▸ TASK TO CARRY OUT: Line by line, repeat the data below exactly, beginning at the first line and ending at the line with "Brins de perles". Omit pictures.

▸ DATA:
▼

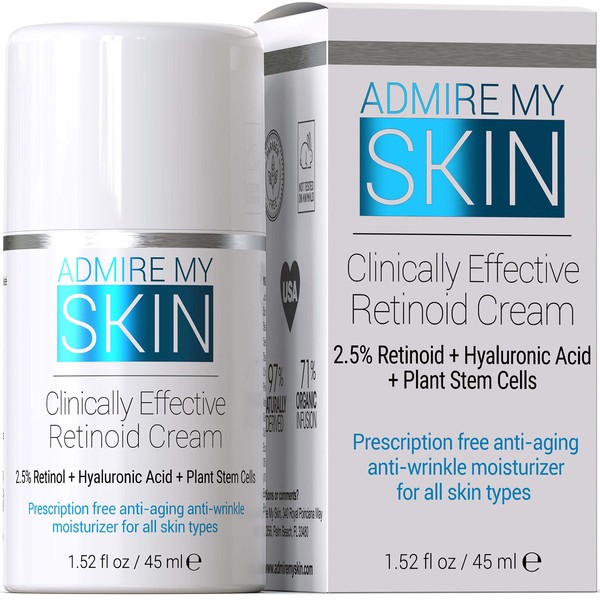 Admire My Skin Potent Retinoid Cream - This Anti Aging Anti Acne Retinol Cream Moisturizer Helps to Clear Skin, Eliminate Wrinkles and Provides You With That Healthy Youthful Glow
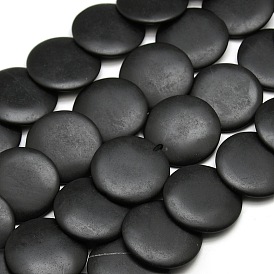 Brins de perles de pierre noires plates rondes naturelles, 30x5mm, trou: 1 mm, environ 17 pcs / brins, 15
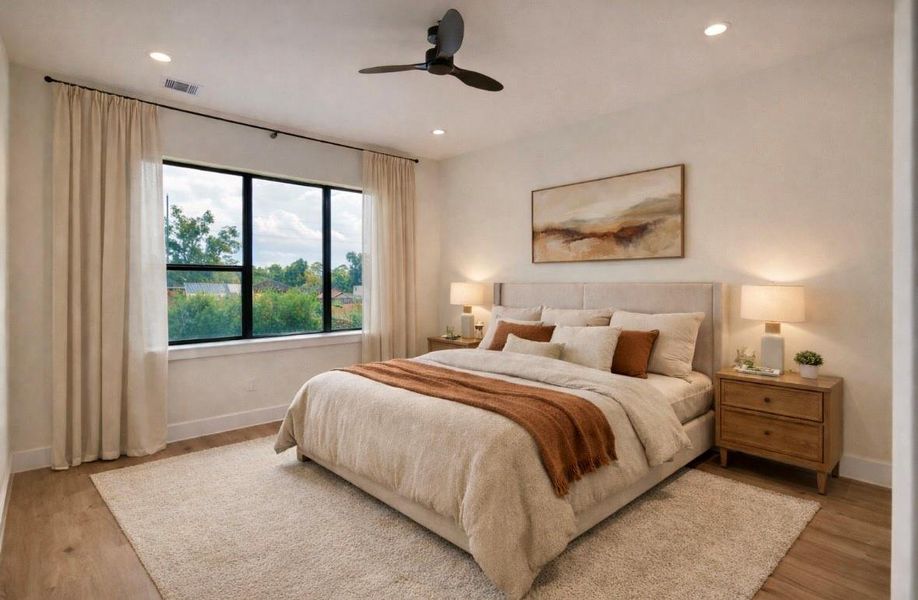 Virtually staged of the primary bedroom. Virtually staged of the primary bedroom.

▲

▸ ANSWER TO THE PROBLEM:
 Admire My Skin Potent Retinoid Cream - This Anti Aging Anti Acne Retinol Cream Moisturizer Helps to Clear Skin, Eliminate Wrinkles and Provides You With That Healthy Youthful Glow
 Brins de perles de pierre noires plates rondes naturelles, 30x5mm, trou: 1 mm, environ 17 pcs / brins, 15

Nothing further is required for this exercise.